Concepts
Overview
MongoDB Enterprise is a distributed, document-oriented NoSQL database. With PDS, users can leverage core capabilities of Kubernetes to deploy and manage their MongoDB clusters using a cloud-native, container-based model.
PDS follows the release lifecycle of MongoDB, meaning new releases are available on PDS shortly after they have become GA. Likewise, older versions of MongoDB are removed once they have reached end-of-life. The list of currently supported MongoDB versions can be found here. Currently, PDS only supports the enterprise edition of MongoDB.

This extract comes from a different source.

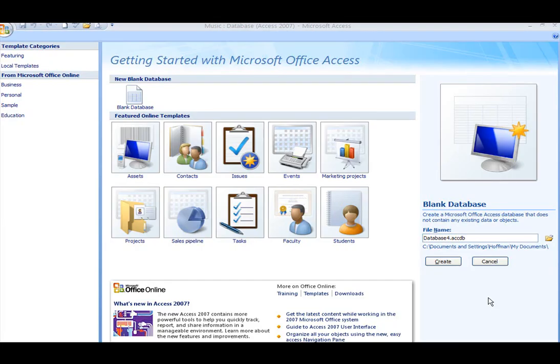In this video we're going to create another database called campus housing. In it we're going to create two tables. It'll be a little bit more sophisticated than the one we previously showed you in the other video.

Like all data services in PDS, MongoDB deployments run within Kubernetes. PDS includes a component called the PDS Deployments Operator which manages the deployment of all PDS data services, including MongoDB. The operator extends the functionality of Kubernetes by implementing a custom resource called mongodb. The mongodb resource type represents a MongoDB cluster allowing standard Kubernetes tools to be used to manage MongoDB clusters, including scaling, monitoring, and upgrading.
You can learn more about the PDS architecture here.
Clustering
MongoDB is a distributed system meant to be run as a cluster of individual nodes. PDS deploys a MongoDB cluster as a sharded cluster, which consists of three distinct services - a config server, a shard server, and mongos proxies. Each of these components can be highly available, depending on the number of nodes the MongoDB cluster is configured with. The config server and shard server are both deployed as replica sets. Currently, these components cannot be independently scaled, meaning a three-node MongoDB cluster will consist of a three-node config server replica set, a three-node shard replica set, and three mongos proxies.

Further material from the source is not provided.